**Work required**
Using the data below, set down every line from the one containing "Obrázok Hráč, Večný manžel" through the one containing "Beyond The Dollar: Designing", inclusive and unchanged. Pictures are to be skipped.

Extracted entries: Begin

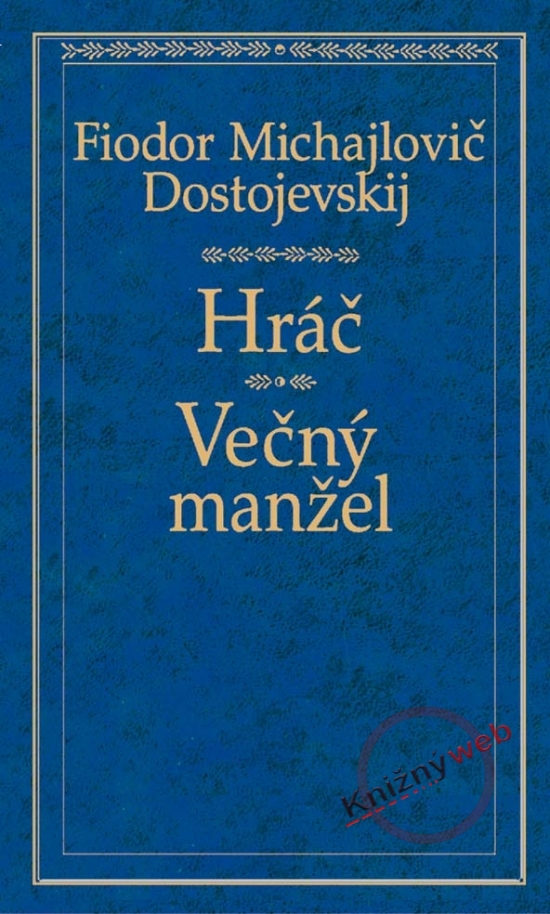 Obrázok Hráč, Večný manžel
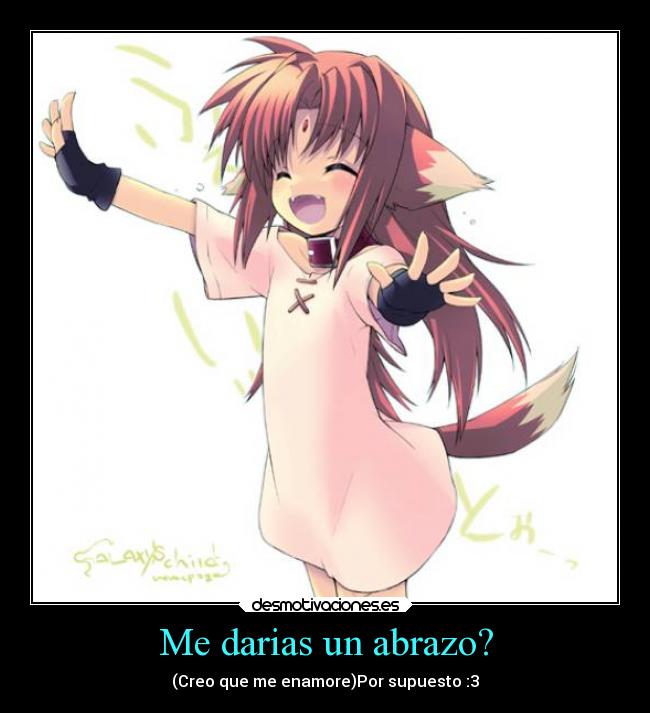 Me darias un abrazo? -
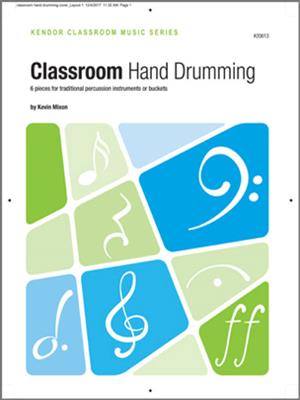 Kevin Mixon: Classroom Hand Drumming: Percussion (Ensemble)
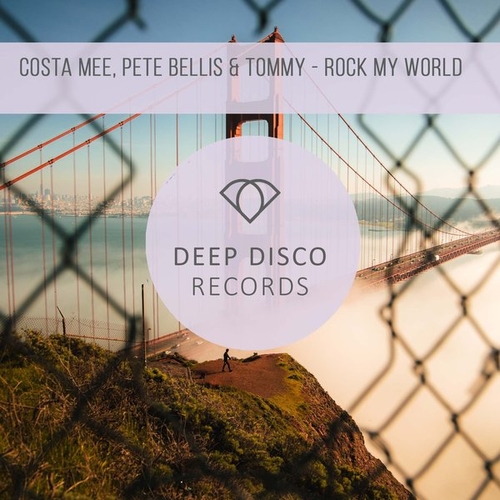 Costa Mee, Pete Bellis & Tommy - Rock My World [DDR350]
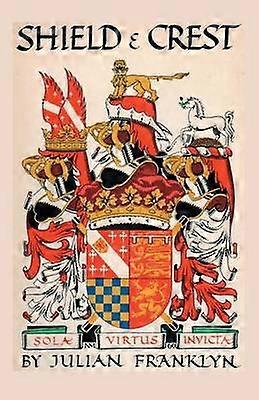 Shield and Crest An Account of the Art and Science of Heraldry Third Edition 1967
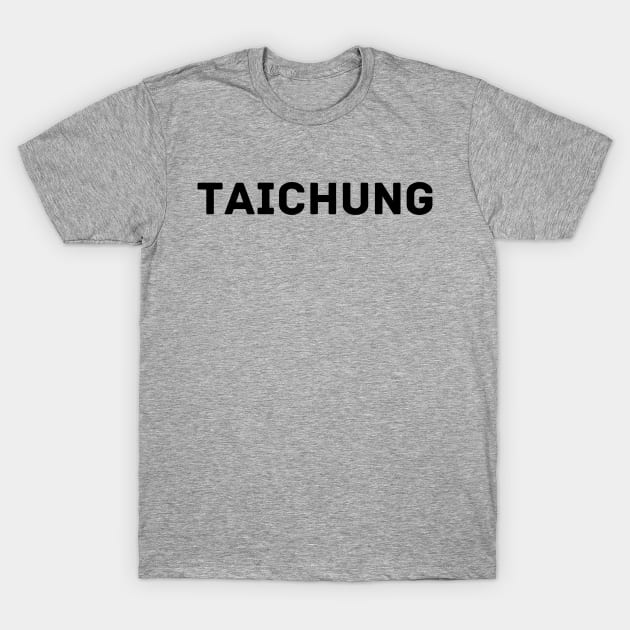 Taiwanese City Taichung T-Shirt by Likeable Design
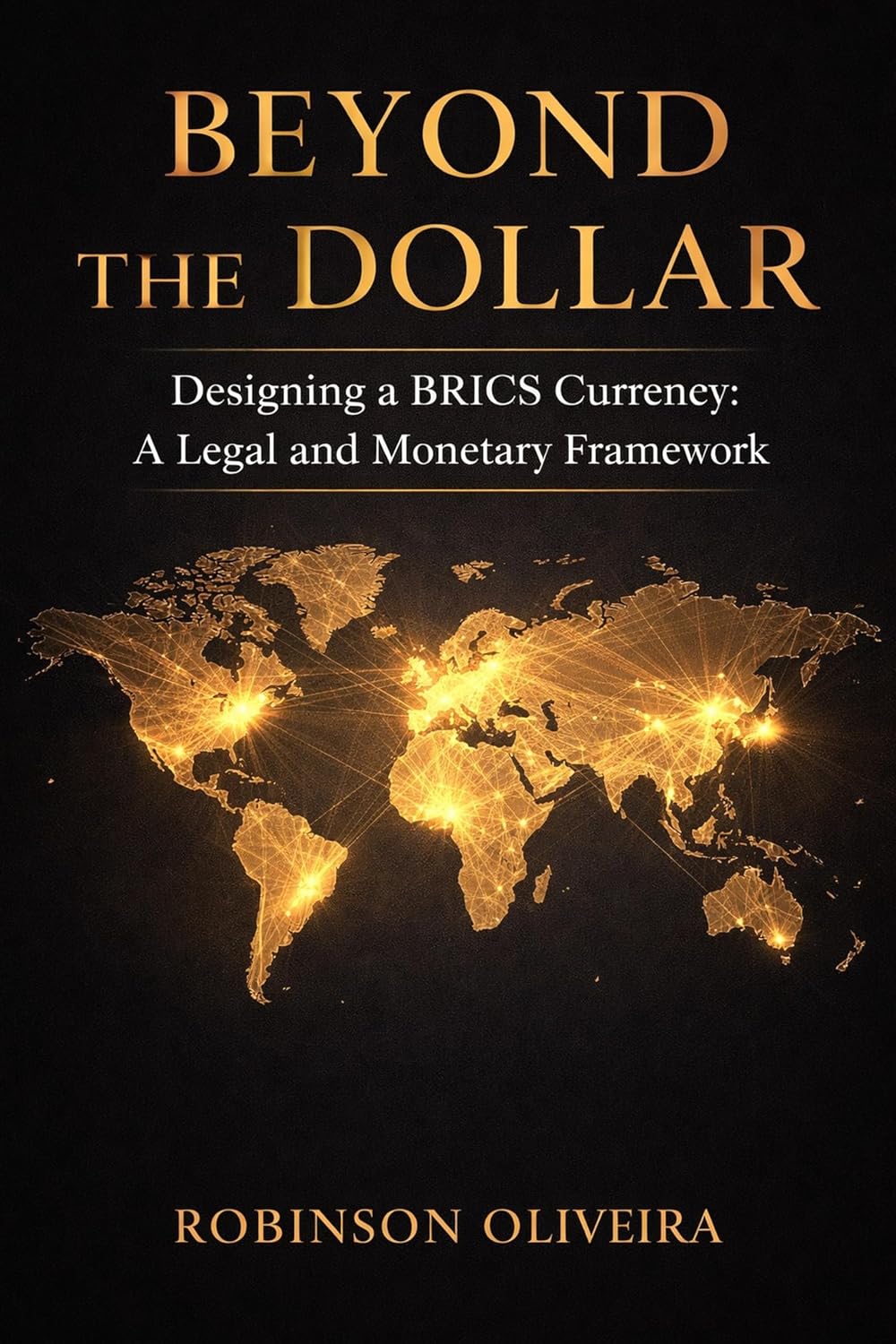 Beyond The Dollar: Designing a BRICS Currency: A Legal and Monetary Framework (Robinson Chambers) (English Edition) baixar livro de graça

Extracted entries: End
Extracted entries: Begin

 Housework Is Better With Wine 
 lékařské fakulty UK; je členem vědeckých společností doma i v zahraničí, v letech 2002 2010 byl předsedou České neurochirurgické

Extracted entries: End
Extracted entries: Begin

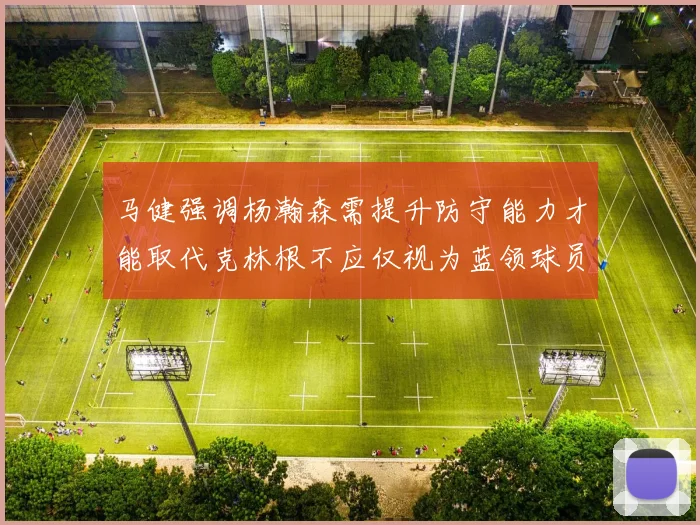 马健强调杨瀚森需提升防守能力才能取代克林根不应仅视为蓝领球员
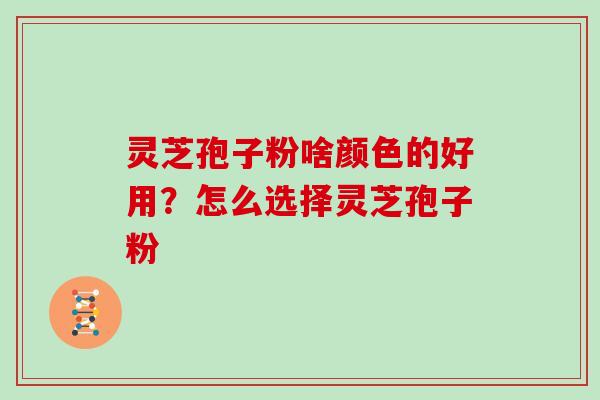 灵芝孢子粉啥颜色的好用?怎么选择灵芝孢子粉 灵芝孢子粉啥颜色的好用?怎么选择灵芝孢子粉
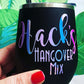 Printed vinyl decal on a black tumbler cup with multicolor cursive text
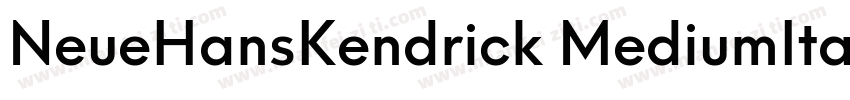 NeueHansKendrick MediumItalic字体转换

Extracted entries: End

**Solution**
 Obrázok Hráč, Večný manžel
 Me darias un abrazo? -
 Kevin Mixon: Classroom Hand Drumming: Percussion (Ensemble)
 Costa Mee, Pete Bellis & Tommy - Rock My World [DDR350]
 Shield and Crest An Account of the Art and Science of Heraldry Third Edition 1967
 Taiwanese City Taichung T-Shirt by Likeable Design
 Beyond The Dollar: Designing a BRICS Currency: A Legal and Monetary Framework (Robinson Chambers) (English Edition) baixar livro de graça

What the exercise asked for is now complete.